*** Exercise data Section Begins ***

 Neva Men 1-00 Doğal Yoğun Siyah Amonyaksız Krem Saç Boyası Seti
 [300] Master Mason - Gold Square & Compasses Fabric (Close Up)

*** Exercise data Section Ends ***
*** Exercise data Section Begins ***

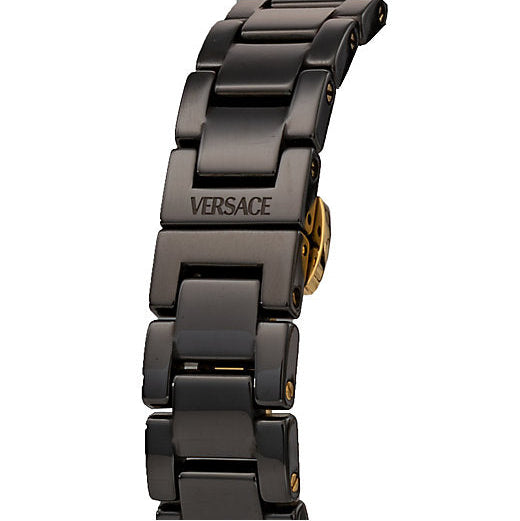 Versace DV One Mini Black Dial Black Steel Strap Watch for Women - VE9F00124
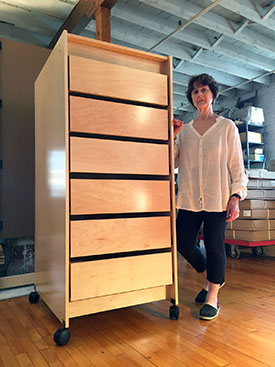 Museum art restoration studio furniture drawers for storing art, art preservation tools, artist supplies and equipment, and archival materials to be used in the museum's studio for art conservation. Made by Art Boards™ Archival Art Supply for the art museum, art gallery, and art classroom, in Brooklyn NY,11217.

*** Exercise data Section Ends ***
*** Exercise data Section Begins ***

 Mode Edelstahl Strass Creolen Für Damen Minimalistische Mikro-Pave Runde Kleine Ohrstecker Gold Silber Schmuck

*** Exercise data Section Ends ***

Beginning at the line above with "Neva Men 1-00" and finishing at the line with "[300] Master Mason", return each line exactly and return nothing else.

 Neva Men 1-00 Doğal Yoğun Siyah Amonyaksız Krem Saç Boyası Seti
 [300] Master Mason - Gold Square & Compasses Fabric (Close Up)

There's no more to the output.